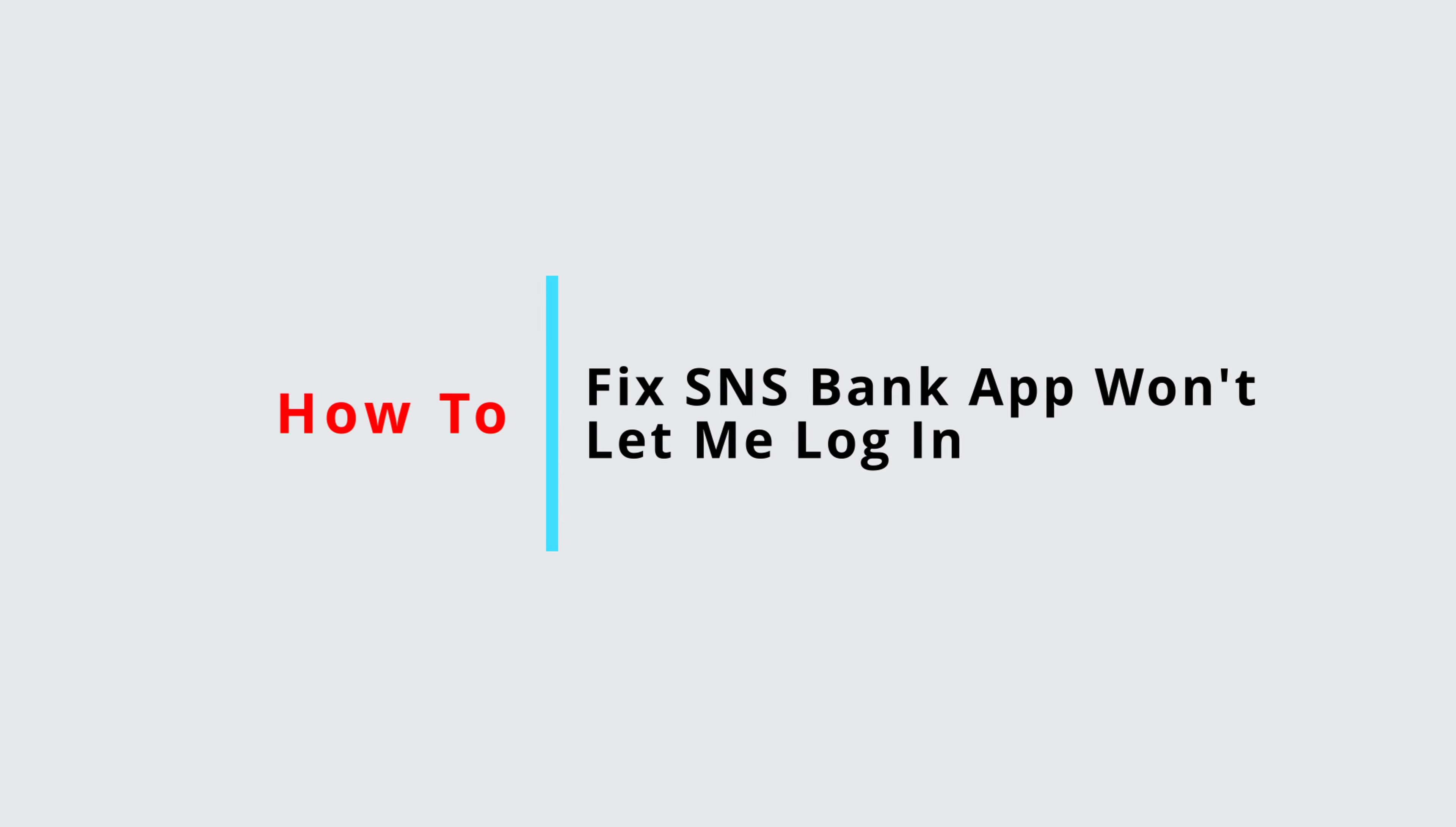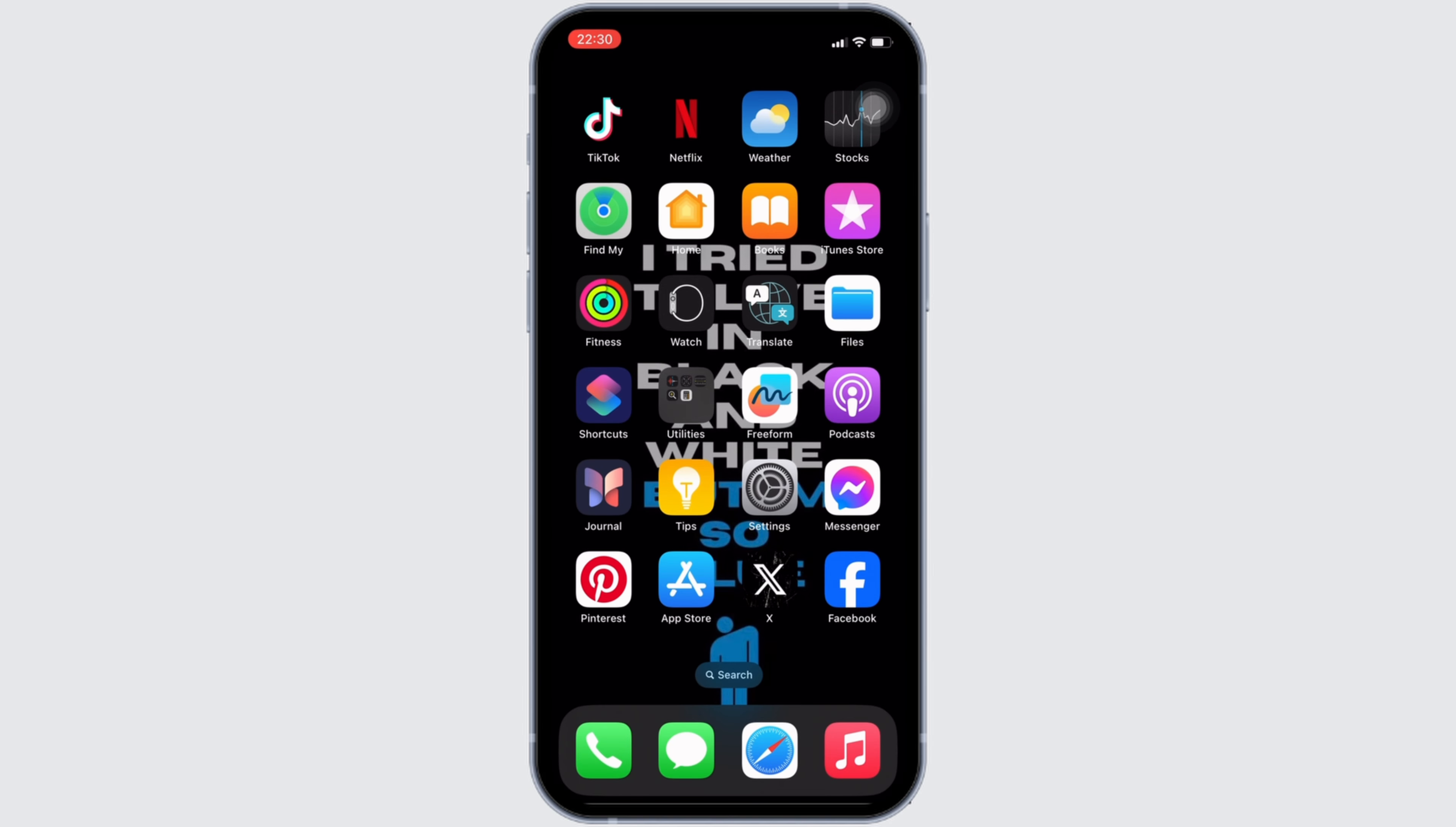How to fix SNS Bank app won't let me log in. It's a very simple and easy process, so let's get into the video.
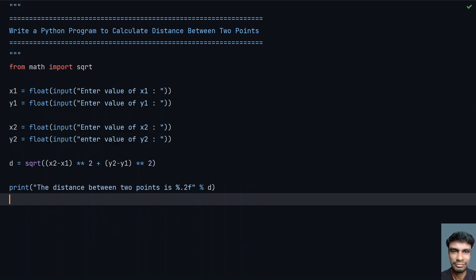So this is the complete program to find or calculate the distance between two points. That's it for this video — hope you liked it, thank you for watching, bye.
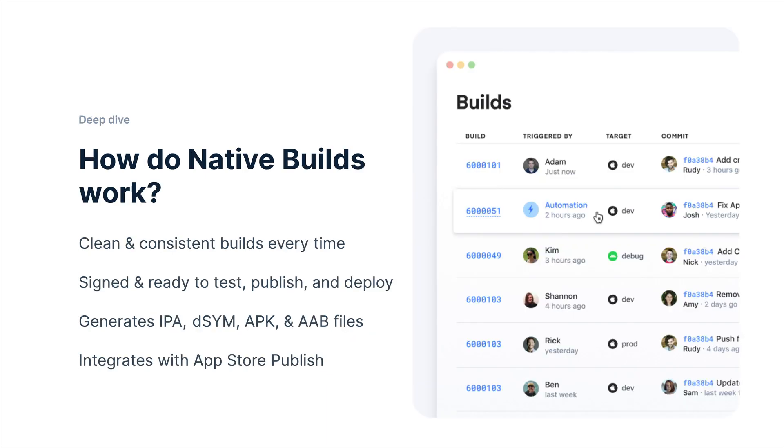Whenever you send your code up to Ionic, we boot up a completely new build machine for you. So on Android, that's running Linux with the latest version of Android Studio. On Mac, for iOS builds, those are running on Macs with the latest version of Xcode. And we start those from scratch every time. So your build machine is your build machine. When your build is over, we destroy that build machine and boot up a new one for the next person.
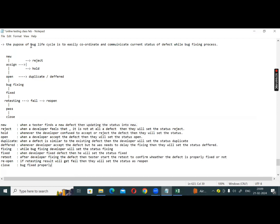Deferred means to easily coordinate and communicate the current status of the defect during the bug fixing process. In this bug life cycle, the status is communicated between the developer and tester. If they connect with each other, that is the status of each stage.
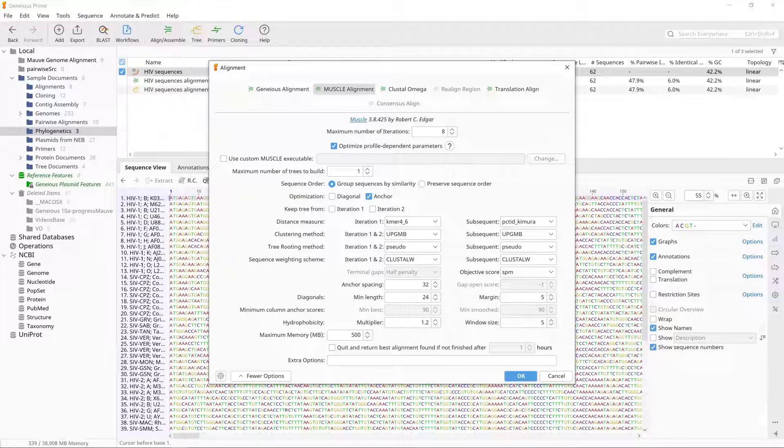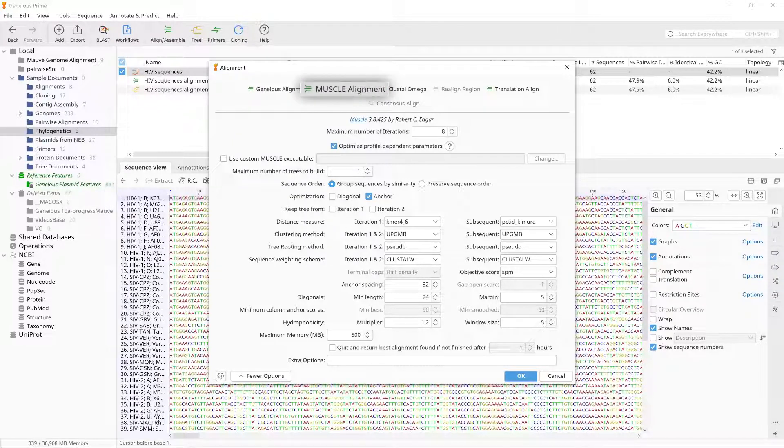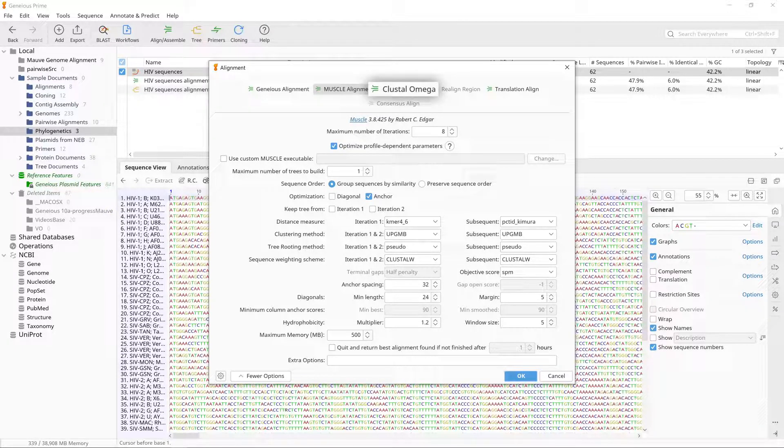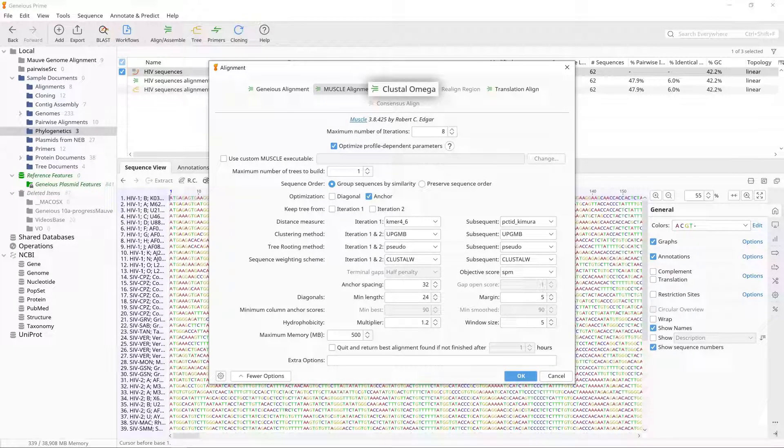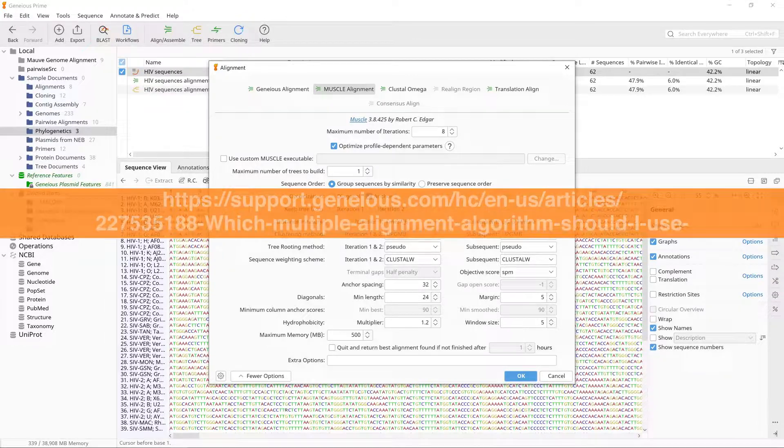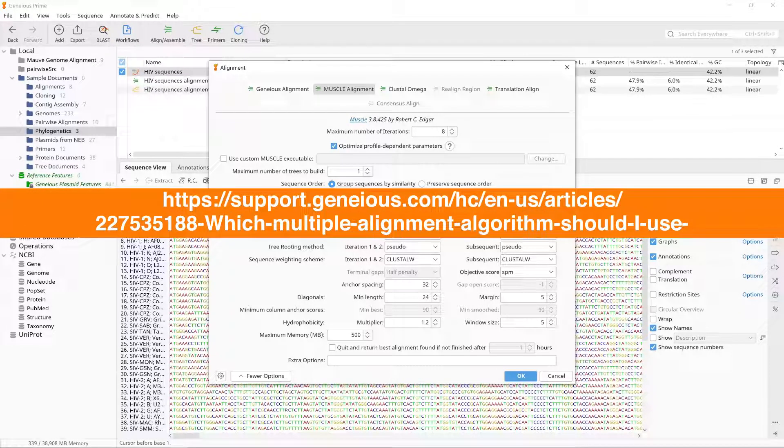The alignment algorithm you should use depends on your data. The Geneious Aligner should only be used on small datasets. Muscle for medium alignments, and Clustal Omega or MAFT should be used for large alignments. For more help on choosing the appropriate aligner, please see this article in our Knowledge Base.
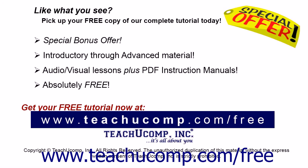Like what you see? Pick up your free copy of the complete tutorial at www.teachucomp.com/free.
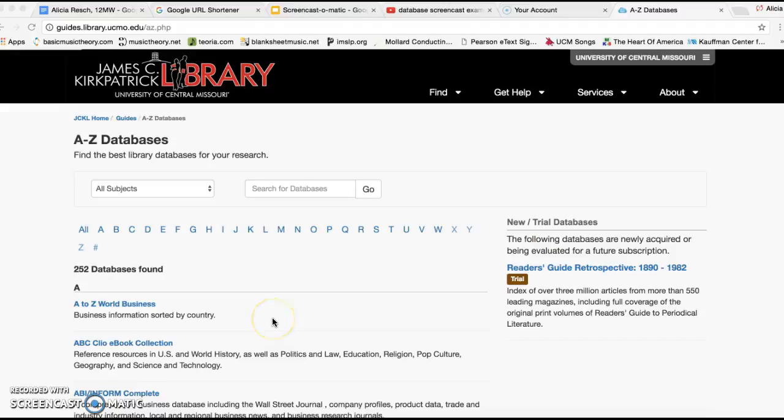Good morning class. My name is Alisha Resh and I will be doing a tutorial on how to use the databases for the library.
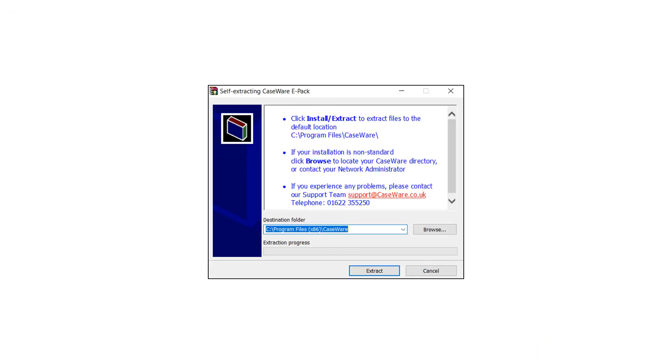Once you have obtained the XML file, extract it and ensure the destination folder is your caseware directory.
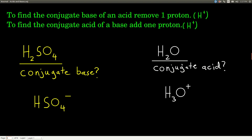If we were asked for the conjugate acid of water, to find the conjugate acid of something, all you do is add a proton. Water has no charge and has two hydrogens. If we add a proton or add an H plus, now it has three protons — so there's a three there — and it gained a positive charge. So the conjugate acid of water is hydronium. The conjugate base of sulfuric acid is hydrogen sulfate.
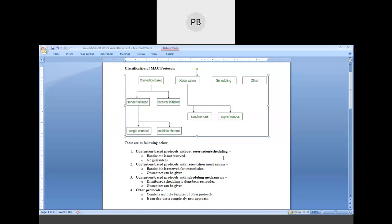The next one is contention-based protocol with scheduling mechanism, where distributed scheduling is done between nodes. All of you have gone through OS, where there are different kinds of scheduling mechanisms available — like first come first serve, shortest job first, round robin, priority scheduling. In every scheduling mechanism, the characteristics are different.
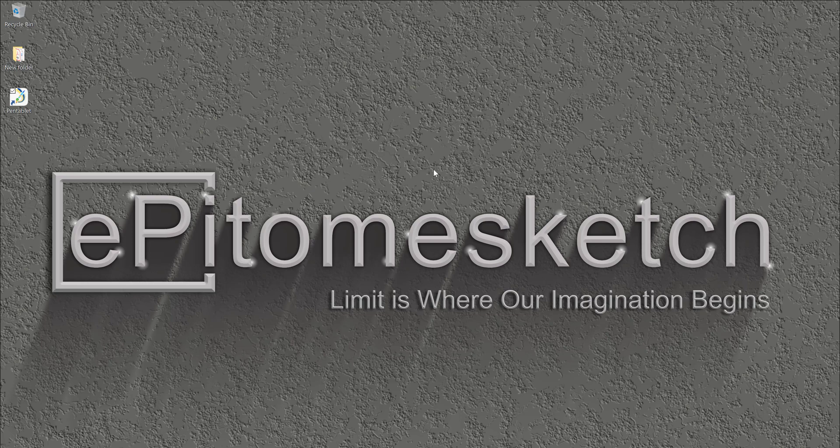Hello everyone, how are you doing? I hope you are doing well. My name is Jose and welcome back to my ePitomesketch YouTube channel.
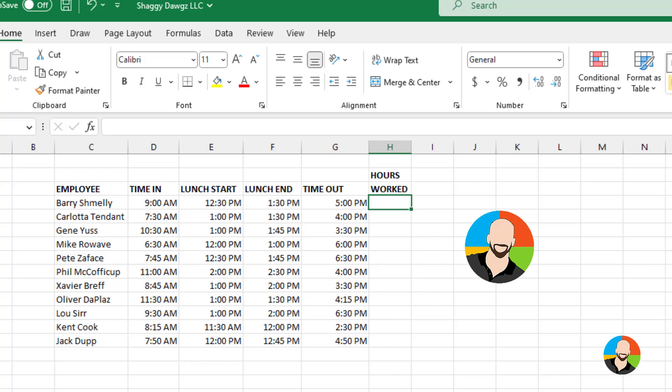To solve this, it's a little funky, but it works. The way it's done is you subtract out your end time from your starting time, then subtract out the lunch ending time from the lunch start time. Yeah, not confusing at all, right? It'll be easier when you see it.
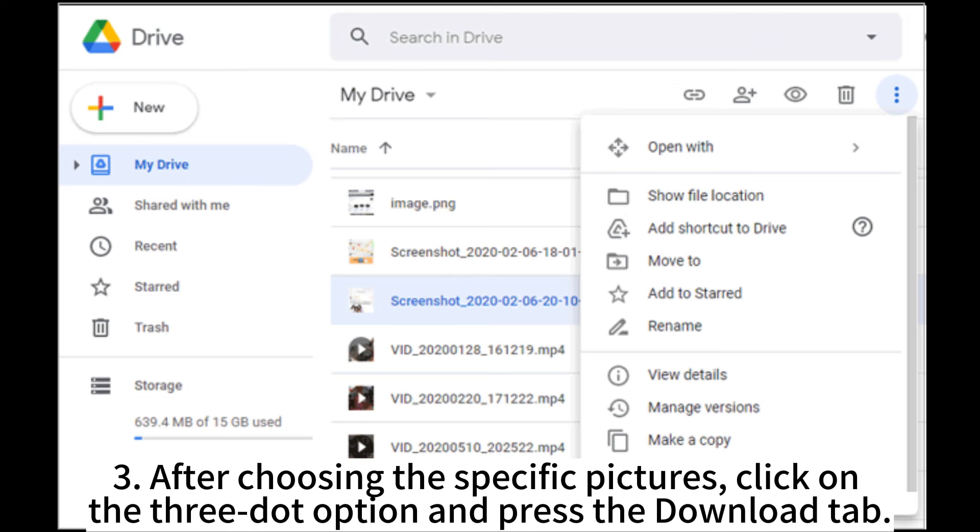3. After choosing the specific pictures, click on the 3-dot option and press the Download tab.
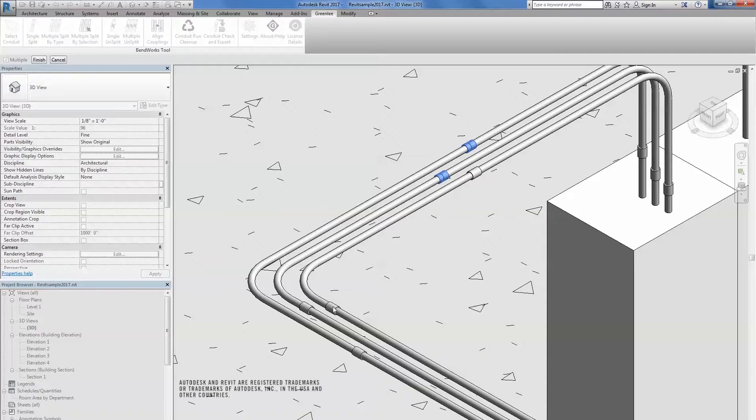Note that Align Couplings only works with parallel conduit runs and doesn't work for any sloped conduit runs.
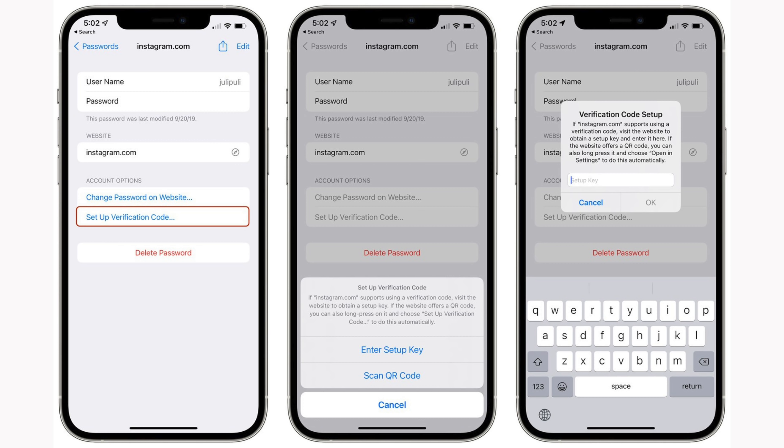And that's it! These are just some of the features you might want to set up once you get iOS 15 installed on your device. Be sure to check out the rest of the channel for more information on what's new with the latest updates from Apple.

Work to complete: The reply should hold the entries above from the line with "To solve this, it's" to the line with "Note that Align", duplicated exactly, pictures excluded.

Response box:
To solve this, it's a little funky, but it works. The way it's done is you subtract out your end time from your starting time, then subtract out the lunch ending time from the lunch start time. Yeah, not confusing at all, right? It'll be easier when you see it.
3. After choosing the specific pictures, click on the 3-dot option and press the Download tab.
Note that Align Couplings only works with parallel conduit runs and doesn't work for any sloped conduit runs.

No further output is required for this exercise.